Additional Surgical Factors Affecting the Recurrence of Hallux Valgus After Ludloff Osteotomy
Researchers reviewed 91 patients (103 feet) who underwent a Ludloff osteotomy combined with additional treatments to assess factors affecting the recurrence of hallux valgus after the procedure. According to the combined procedures performed, patients were divided into three groups: Group I (31 feet; first web space release), Group II (35 feet; Akin osteotomy and trans-articular release) or Group III (37 feet; Akin osteotomy, supplementary axial Kirschner (K-) wire fixation and trans-articular release). Each group was then further subdivided into severe and moderate deformities.
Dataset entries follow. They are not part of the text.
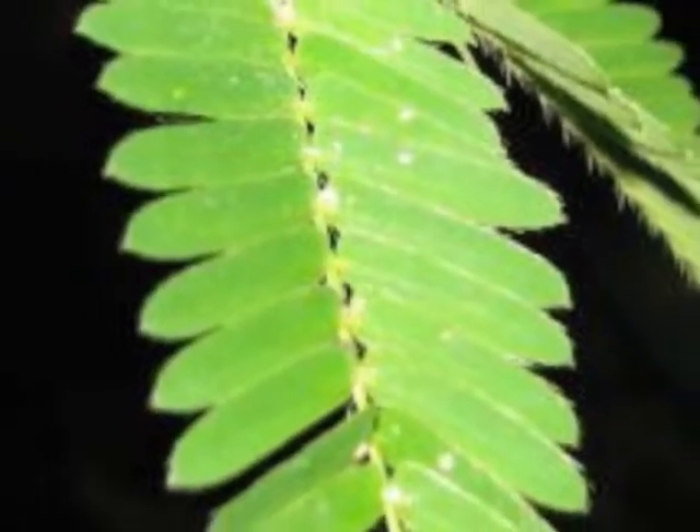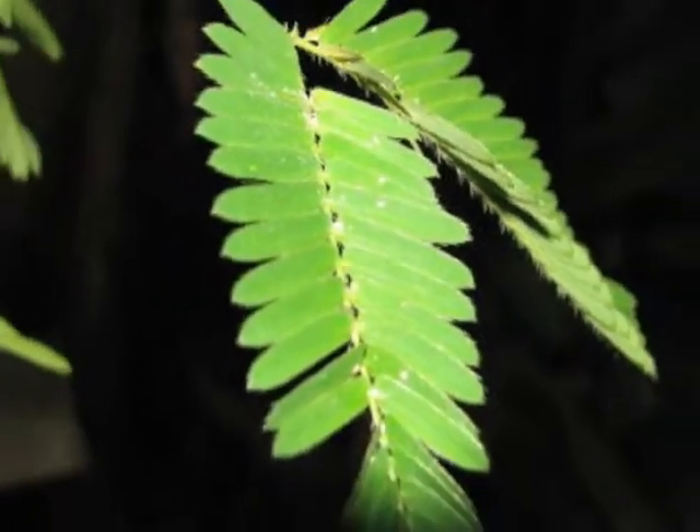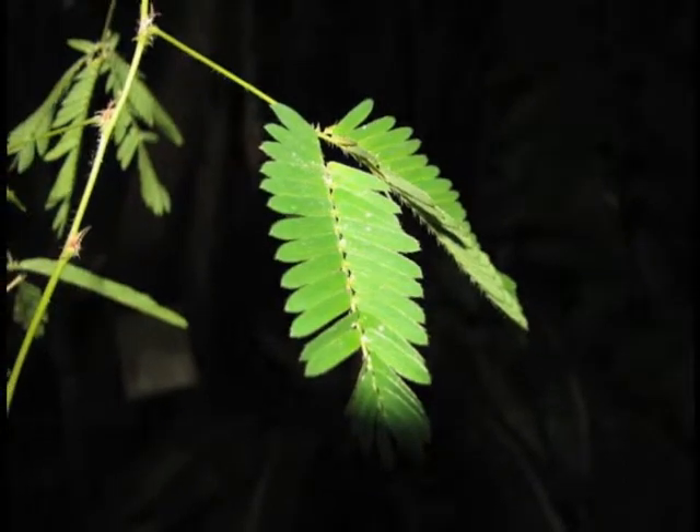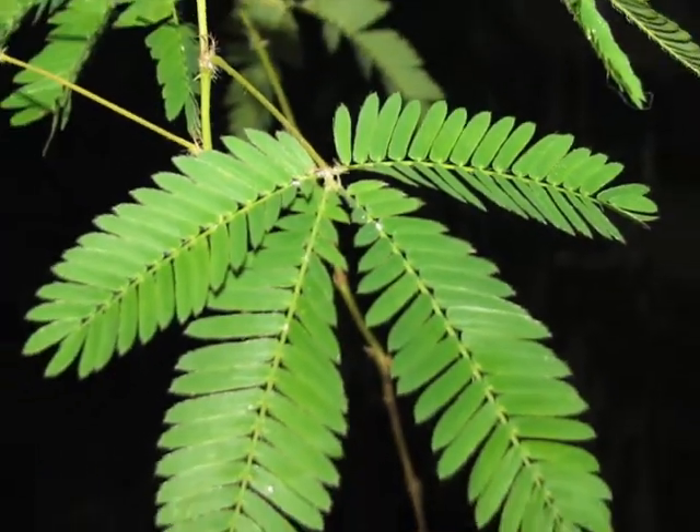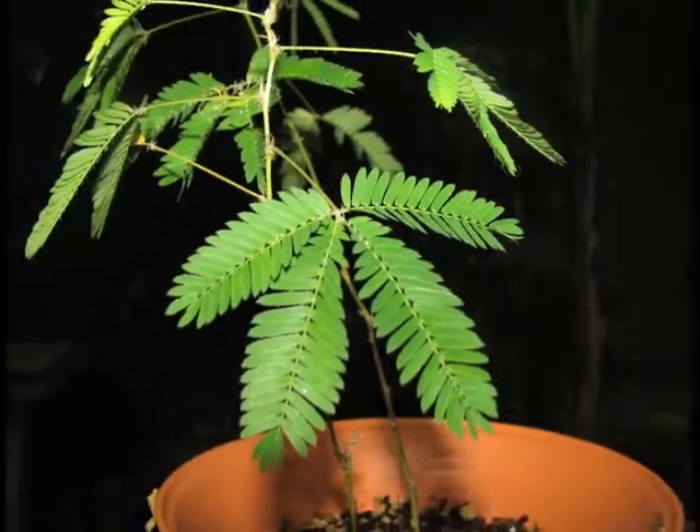Mimosa pudica, aka the sensitive plant. It is native to South and Central America. It has compound leaves and 10 to 26 leaflets on each leaf. The stems are slender and branch out up to 5 feet.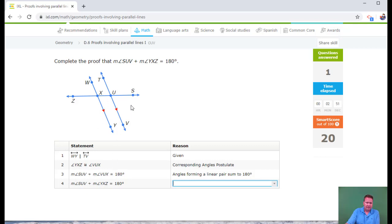Now they're going to give me a linear pair: SUV and VUX add up to 180. VUX appears in both step two and the linear pair step, and now they're going to substitute YXZ in place of VUX. That proves that SUV plus YXZ equals 180 — that's just the substitution property of equality.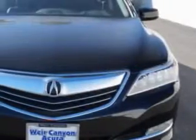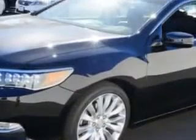Imagine driving this Crystal Black Pearl 2015 Acura RLX, equipped with a 6-cylinder engine and an automatic transmission. Enjoy an exceptional 31 miles to the gallon on this great car.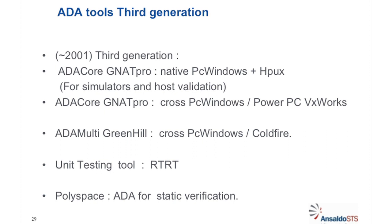In 2000, the third generation of tools was ADACORE GNAT Pro — both native and cross-compiler for PowerPC — the Green Hills ADMT for ColdFire, and the unit testing tool RTRT, and also Polyspace. Polyspace was quite complicated to put in place and to analyze for all the legacy code we had — it was not easy to analyze all the errors and false positives. Polyspace is not used anymore; it would have been a good tool but in practice it was very difficult to use.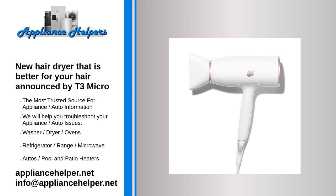T3 Micro has announced a new hairdryer designed to be better for your hair. This smart custom design technology allows for wider airflow, minimizing dry time and retaining moisture to protect hair health. The Air Luxe hairdryer's smart microchip ensures temperature accuracy as it digitally controls five heat settings and three speeds for a total of 15 different styling combinations.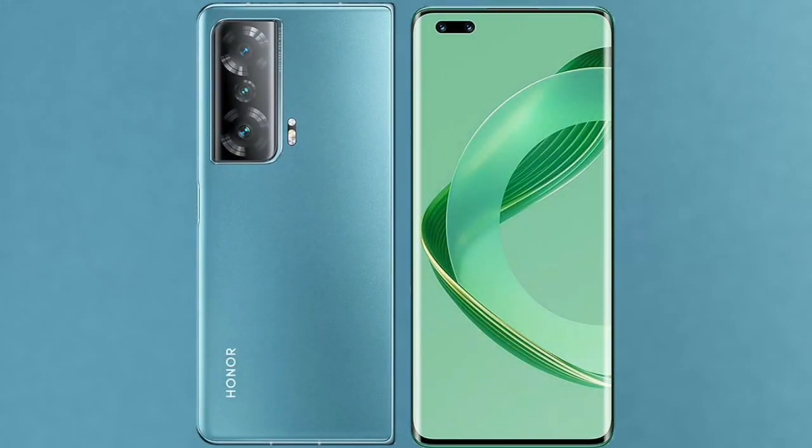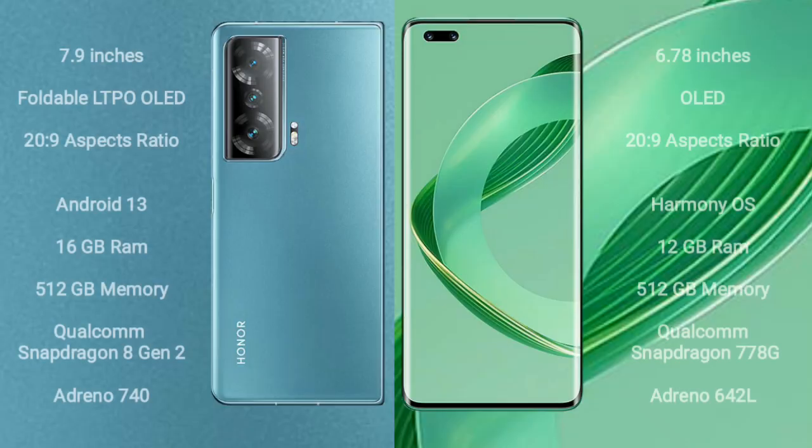I will compare the new Honor Magic V2 with Huawei Nova 11 Ultra. The Honor Magic V2 comes with a 6.9-inch foldable LTPO OLED display and an aspect ratio of 20:9. The Huawei Nova 11 Ultra comes with a 6.78-inch OLED display and an aspect ratio of 20:9.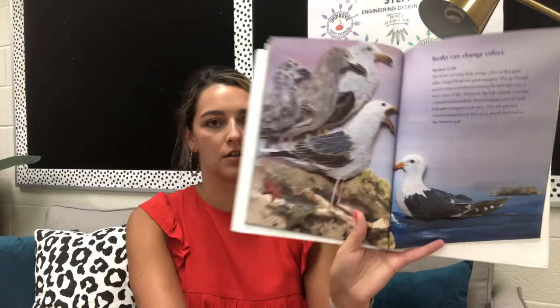Beaks can change colors. The beaks of many birds change colors as they grow older. Seagull beaks are good examples. They go through several color combinations during the bird's first two or three years of life. Afterward, the bills continue to change colors between seasons. These changing colors probably help gulls recognize each other. They also give birdwatchers headaches as they try to identify birds such as the western gull.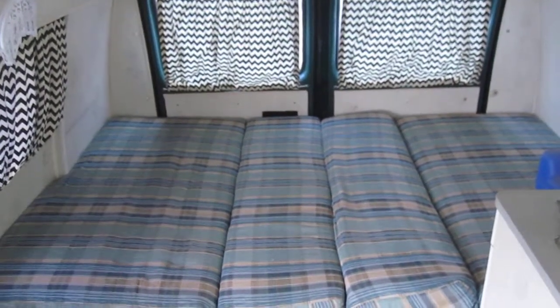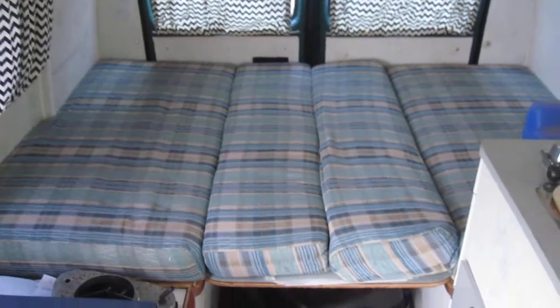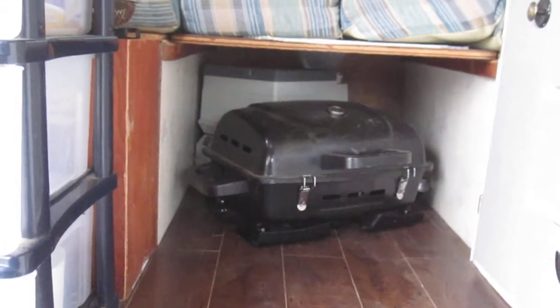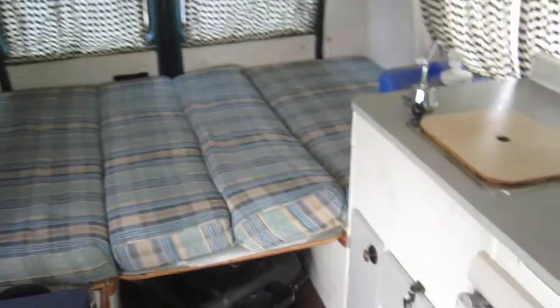There's the large bed. We can supply bedding for out of town guests — local guests we suggest you bring your own. There's a barbecue hidden under here, and also a porta potty that pulls out so you don't have to go out in the middle of the night when there's bears, cougars, or any other wildlife.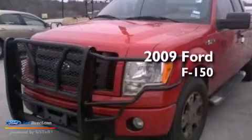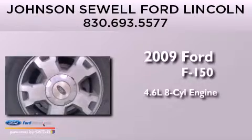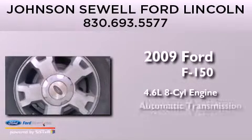This is a 2009 Ford F-150. It features a 4.6-liter 8-cylinder engine and an automatic transmission.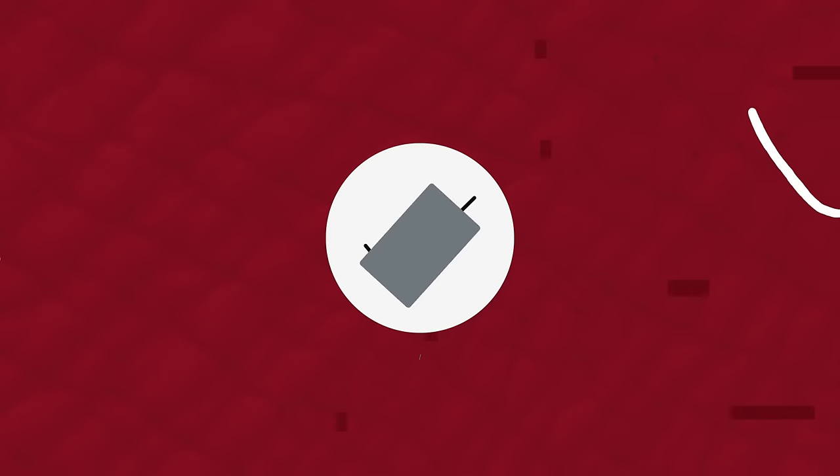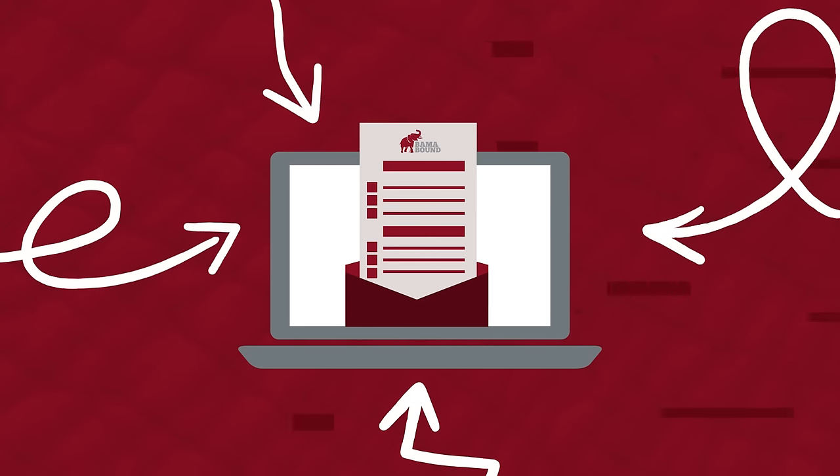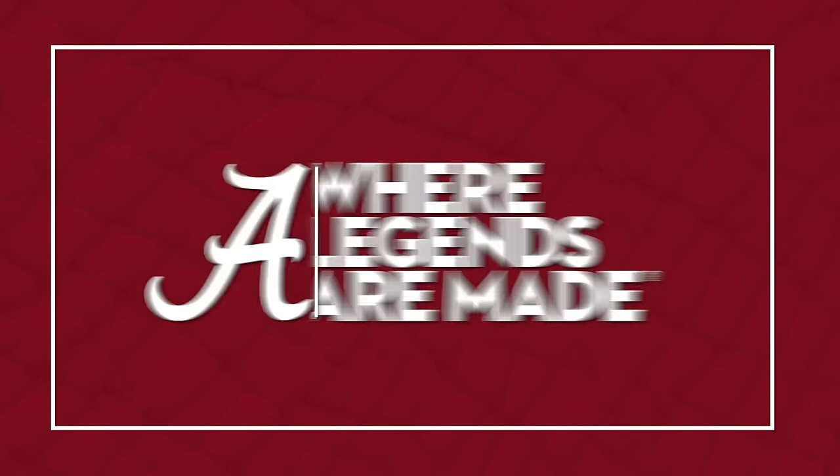Once your enrollment deposit is paid, claim your place at UA by submitting your UA Housing application. More instructions and information on your next steps will be emailed to you soon. Roll Tide!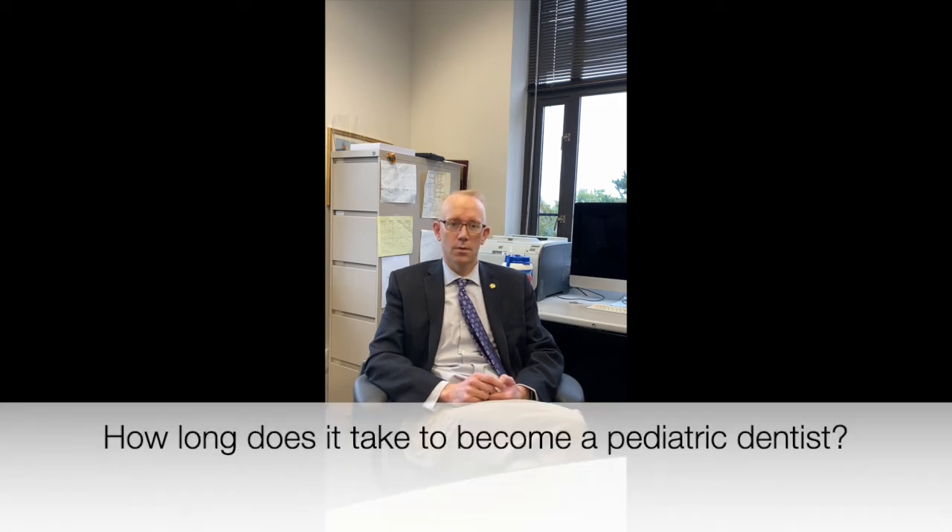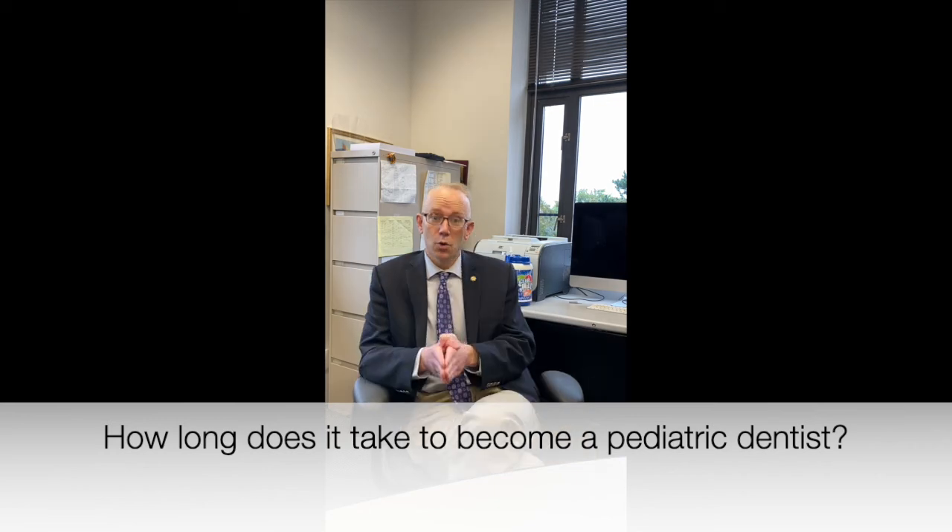Thank you so much. One more question: how long does it take to become a pediatric dentist? After high school, you go to college, then dental school, which is four years. After dental school, you get specialty trained in pediatric dentistry, which is another two to three years. It's going to take about 10 years after high school to become a pediatric dentist. That sounds long — 10 years, that's forever. But even though it takes a long time, it doesn't mean you shouldn't think about doing it, because that process is always worth it. The future is coming no matter what, so you might as well be a doctor when it gets to you.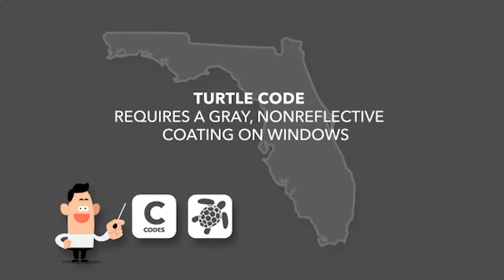Because of this, Florida has a code that requires a gray, non-reflective coating on windows, so turtles aren't confused about what direction to travel when they are born. Obviously, the turtle code for glass only affects a small number of the country's markets, but it's a good example of how a local concern can be addressed by a specific building code.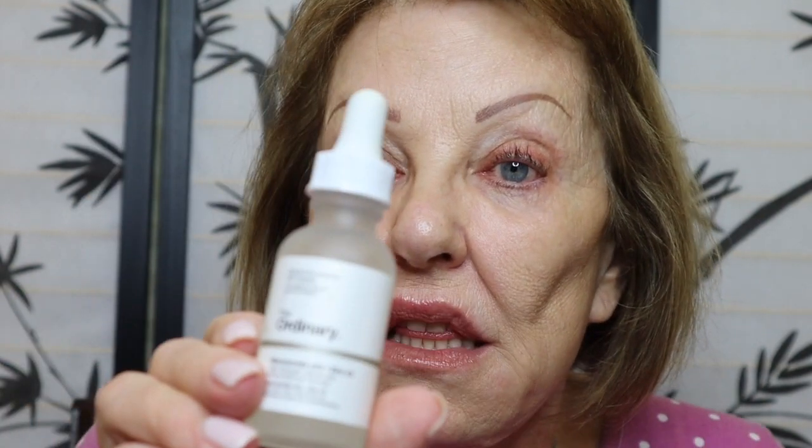Then I go in with my Niacinamide — this is by The Ordinary. I put one or two drops in my hands and pat it all around. Use a little more if you feel you need it, a little less if you don't. This one is a little sticky, so I don't use the buzzing tool with it because it's too sticky and it won't move. I leave that on for five minutes.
The mean hallux valgus angle correction of Group II was significantly greater than that of Group I (p = 0.001). The mean intermetatarsal angle correction of Group III was significantly greater than that of Group II (p < 0.001). In severe deformities, postoperative incongruity of the first metatarsophalangeal joint was least common in Group I (p = 0.026). Akin osteotomy significantly increased correction of the hallux valgus angle, while a supplementary K-wire significantly reduced the later loss of intermetatarsal angle correction.

Additionally, HAVING NO K-wire fixation (OR 5.05, 95 CI 1.21, 24.39); p = 0.032) and the preoperative hallux valgus angle (OR 2.20, 95 CI 1.11, 4.73; p = 0.001) were shown to be factors affecting recurrence of hallux valgus after Ludloff osteotomy.

From the article of the same title
Bone & Joint Journal (06/13) Vol. 95-B, No. 6, P. 803 Choi, G.W.; Choi, W.J.; Yoon, H.S.; et al.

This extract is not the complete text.